Siri ‘Navigate My Business towards Optimal Performance’

By Mark Collingwood- VP and Sales Managing Director- Fico

Siri ‘Navigate My Business towards Optimal Performance’
Mark Collingwood- VP and Sales Managing Director- Fico

Around 80% of smart phone owners use navigation applications regularly. In fact, many of us are so used to using these navigation tools, we even use them when familiar with our planned destination.

For something so ingrained in our day to day lives, few of us have really stopped to think what these navigation apps are doing. A navigation app uses a combination of maps and GPS location data to provide turn-by-turn guidance from our current location to a destination of choice. Users set overarching objectives such as ‘fastest route’ or ‘shortest route’ and the navigation app will essentially consider all available routes to your destination to determine one that best meets your defined objective.

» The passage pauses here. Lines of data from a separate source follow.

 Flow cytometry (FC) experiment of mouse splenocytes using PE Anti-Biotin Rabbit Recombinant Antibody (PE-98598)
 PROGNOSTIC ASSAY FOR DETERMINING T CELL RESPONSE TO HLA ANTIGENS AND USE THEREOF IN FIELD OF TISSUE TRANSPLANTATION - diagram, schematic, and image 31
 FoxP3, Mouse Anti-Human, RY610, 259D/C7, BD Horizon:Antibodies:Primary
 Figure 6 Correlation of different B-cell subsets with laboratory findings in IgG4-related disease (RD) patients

Let’s think on that for a second. The navigation system is assessing every possible route, considering the constraints of each leg of the route, such as traffic flow and legal speed limits, determining time and distance to destination for each route and then comparing all the considered routes against your set objective, to work out which one provides the best outcome.

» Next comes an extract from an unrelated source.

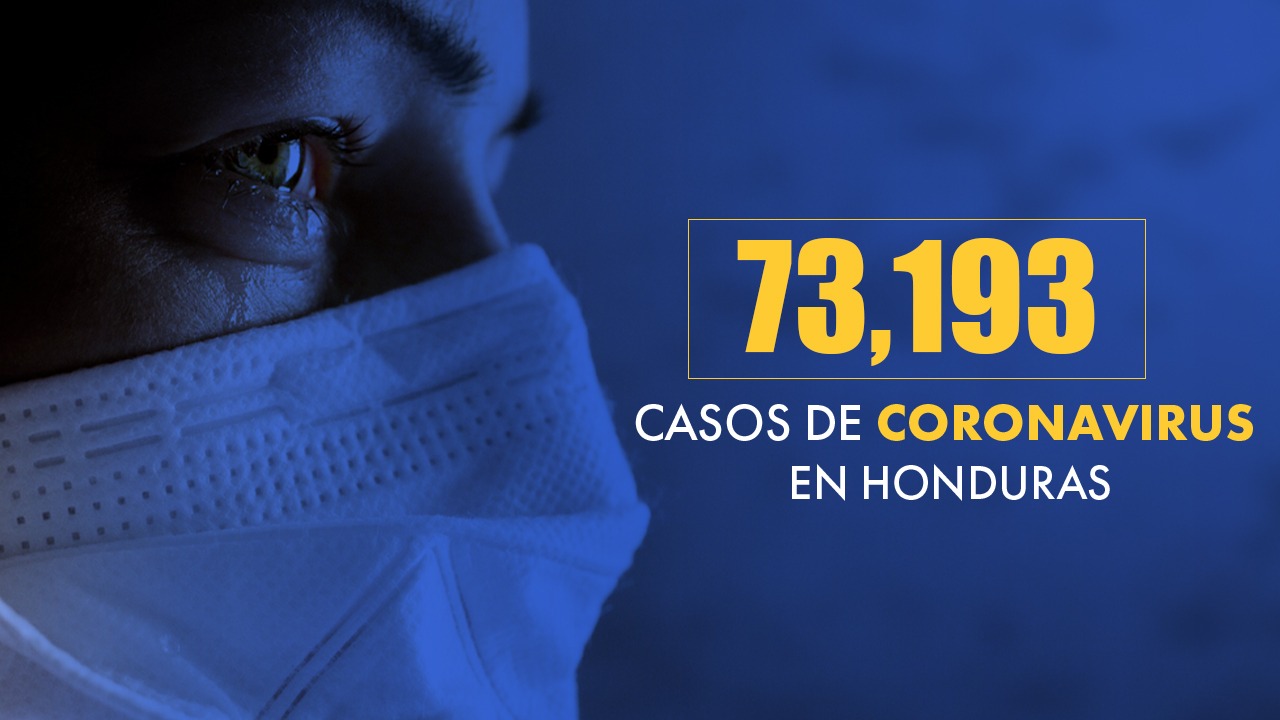 Con 73,193 casos de coronavirus y 2,249 fallecidos, Honduras registra una tasa de letalidad de 3.07 por ciento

Wouldn’t it be nice if we had something like this for navigating our business decisions?

We could tell it our corporate goals and ask it to help define a strategy that allowed us to meet those goals within our financial, regulatory or operational constraints.

In fact, we do. For many years FICO have been working with some of the world’s leading organisations to deploy similar techniques to those we use in our navigation systems to help solve significantly more complex business problems across a broad range of industries, including banking and finance, retail, manufacturing, telecommunications, auto finance, energy and supply chain management.

Take collections as an example. For each customer in collections, we have a range of options we could take each day, from do nothing, through to automated voicemails, SMS, emails or a more formal letter. Think of these as the possible routes we could take on a journey. Each of these treatment options has its own probability of success, which varies by customer and age of debt, along with its own cost. Just like different routes, each activity may cost more or take longer.

Evaluate All Your Options Upfront

In business, more progressive companies regularly test “challenger” strategies to assess whether a better alternative is available and compare it with the current champion. While these decisions are often driven by deep domain experience, they are not much different to trying a different route to a favourite destination and seeing if it’s faster or slower. This can often take the business in the wrong direction and is a slow incremental process of improvement, towards an often-moving target.

By using powerful machine learning optimisation solvers in conjunction with existing statistical models and action-effect relationships, we can instead consider all the possible actions and likely effects, so that we have a full picture of possible outcomes and associated costs.

Source: FICO

We can evaluate all the routes to our destination before we set off. Then, by overlaying business and operational constraints such as cost, affordability criteria, responsible collections practices and overarching business goals — such as maximise collections amount while minimising customer attrition or maintaining operation headcount —we can determine a collective set of actions across all customers that maximise our goals.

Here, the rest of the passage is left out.